Begin at the line containing "Crispy's Springfield Gallery" in the data below and go on through the line containing "物件内観写真18　(居室)", repeating each line exactly; include both ends and no other line.

· · · ·

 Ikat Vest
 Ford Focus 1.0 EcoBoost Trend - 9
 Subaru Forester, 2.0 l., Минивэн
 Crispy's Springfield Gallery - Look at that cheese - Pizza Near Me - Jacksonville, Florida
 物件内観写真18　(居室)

· · · ·

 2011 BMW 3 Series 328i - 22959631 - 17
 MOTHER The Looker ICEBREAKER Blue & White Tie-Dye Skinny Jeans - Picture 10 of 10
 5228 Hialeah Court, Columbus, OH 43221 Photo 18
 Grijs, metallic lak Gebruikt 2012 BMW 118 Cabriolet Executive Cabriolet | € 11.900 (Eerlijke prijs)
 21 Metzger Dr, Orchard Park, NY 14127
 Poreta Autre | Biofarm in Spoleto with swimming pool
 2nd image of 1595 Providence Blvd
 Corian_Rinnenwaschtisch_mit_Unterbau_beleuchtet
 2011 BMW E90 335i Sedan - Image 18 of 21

· · · ·

### Completed task:
 Crispy's Springfield Gallery - Look at that cheese - Pizza Near Me - Jacksonville, Florida
 物件内観写真18　(居室)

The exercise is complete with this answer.